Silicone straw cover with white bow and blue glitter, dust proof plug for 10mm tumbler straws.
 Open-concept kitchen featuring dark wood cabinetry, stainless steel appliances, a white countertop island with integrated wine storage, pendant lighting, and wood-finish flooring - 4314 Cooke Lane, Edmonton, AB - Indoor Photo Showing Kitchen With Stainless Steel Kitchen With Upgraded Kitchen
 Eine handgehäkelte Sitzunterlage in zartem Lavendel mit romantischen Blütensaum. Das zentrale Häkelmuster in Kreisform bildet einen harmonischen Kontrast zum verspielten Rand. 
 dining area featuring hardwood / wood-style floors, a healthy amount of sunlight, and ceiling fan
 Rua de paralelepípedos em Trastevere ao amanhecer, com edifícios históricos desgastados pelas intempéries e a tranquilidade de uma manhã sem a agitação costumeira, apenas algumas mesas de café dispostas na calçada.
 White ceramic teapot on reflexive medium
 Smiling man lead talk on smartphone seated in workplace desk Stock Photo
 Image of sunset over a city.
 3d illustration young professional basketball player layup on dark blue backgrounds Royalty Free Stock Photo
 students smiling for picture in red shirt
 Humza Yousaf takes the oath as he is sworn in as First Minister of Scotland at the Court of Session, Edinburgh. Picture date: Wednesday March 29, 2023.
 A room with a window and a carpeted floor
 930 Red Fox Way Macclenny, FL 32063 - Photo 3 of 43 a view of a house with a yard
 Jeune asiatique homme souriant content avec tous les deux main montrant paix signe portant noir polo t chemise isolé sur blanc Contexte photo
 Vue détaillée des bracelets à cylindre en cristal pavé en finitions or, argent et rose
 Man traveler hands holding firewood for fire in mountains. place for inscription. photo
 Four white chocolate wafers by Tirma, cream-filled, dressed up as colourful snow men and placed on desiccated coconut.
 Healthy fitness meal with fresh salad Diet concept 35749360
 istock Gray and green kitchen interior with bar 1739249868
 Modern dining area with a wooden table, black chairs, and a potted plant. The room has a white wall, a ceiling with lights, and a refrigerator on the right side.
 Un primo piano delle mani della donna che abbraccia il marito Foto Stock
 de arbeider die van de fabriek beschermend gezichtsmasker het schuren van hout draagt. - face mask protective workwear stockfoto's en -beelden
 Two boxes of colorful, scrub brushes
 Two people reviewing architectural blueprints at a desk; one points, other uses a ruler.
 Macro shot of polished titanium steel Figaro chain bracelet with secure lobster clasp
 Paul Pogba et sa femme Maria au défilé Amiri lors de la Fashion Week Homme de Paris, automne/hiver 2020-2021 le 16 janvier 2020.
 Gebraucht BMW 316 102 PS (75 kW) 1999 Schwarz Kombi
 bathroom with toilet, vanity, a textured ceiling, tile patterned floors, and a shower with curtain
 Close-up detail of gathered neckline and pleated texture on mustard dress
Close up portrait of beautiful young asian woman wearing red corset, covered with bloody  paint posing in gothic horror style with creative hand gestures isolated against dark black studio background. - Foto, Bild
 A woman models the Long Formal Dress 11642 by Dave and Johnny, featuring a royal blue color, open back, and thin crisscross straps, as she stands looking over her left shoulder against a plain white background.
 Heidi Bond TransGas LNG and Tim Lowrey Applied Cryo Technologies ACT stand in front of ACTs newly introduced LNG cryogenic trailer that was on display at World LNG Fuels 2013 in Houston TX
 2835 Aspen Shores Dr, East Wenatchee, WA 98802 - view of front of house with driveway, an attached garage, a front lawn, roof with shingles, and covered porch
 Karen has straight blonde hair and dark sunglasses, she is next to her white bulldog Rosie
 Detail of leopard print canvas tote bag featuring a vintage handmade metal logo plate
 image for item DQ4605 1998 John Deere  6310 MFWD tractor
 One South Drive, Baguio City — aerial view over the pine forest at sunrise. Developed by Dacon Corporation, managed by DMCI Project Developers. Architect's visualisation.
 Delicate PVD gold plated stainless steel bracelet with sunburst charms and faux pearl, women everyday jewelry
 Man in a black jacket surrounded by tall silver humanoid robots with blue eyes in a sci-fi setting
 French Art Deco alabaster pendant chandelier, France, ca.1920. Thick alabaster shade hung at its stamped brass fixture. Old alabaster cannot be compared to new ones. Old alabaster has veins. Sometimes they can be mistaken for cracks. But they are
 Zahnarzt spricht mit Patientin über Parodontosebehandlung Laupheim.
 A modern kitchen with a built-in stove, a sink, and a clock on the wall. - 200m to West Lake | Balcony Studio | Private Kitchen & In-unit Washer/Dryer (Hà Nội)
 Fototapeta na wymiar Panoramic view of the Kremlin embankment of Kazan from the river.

====================

• [Exercise details] As the answer, set down only the lines from the data above between the one holding "Close up portrait" and the one holding "image for item", inclusive, exactly as they read.

• [Written response]
Close up portrait of beautiful young asian woman wearing red corset, covered with bloody  paint posing in gothic horror style with creative hand gestures isolated against dark black studio background. - Foto, Bild
 A woman models the Long Formal Dress 11642 by Dave and Johnny, featuring a royal blue color, open back, and thin crisscross straps, as she stands looking over her left shoulder against a plain white background.
 Heidi Bond TransGas LNG and Tim Lowrey Applied Cryo Technologies ACT stand in front of ACTs newly introduced LNG cryogenic trailer that was on display at World LNG Fuels 2013 in Houston TX
 2835 Aspen Shores Dr, East Wenatchee, WA 98802 - view of front of house with driveway, an attached garage, a front lawn, roof with shingles, and covered porch
 Karen has straight blonde hair and dark sunglasses, she is next to her white bulldog Rosie
 Detail of leopard print canvas tote bag featuring a vintage handmade metal logo plate
 image for item DQ4605 1998 John Deere  6310 MFWD tractor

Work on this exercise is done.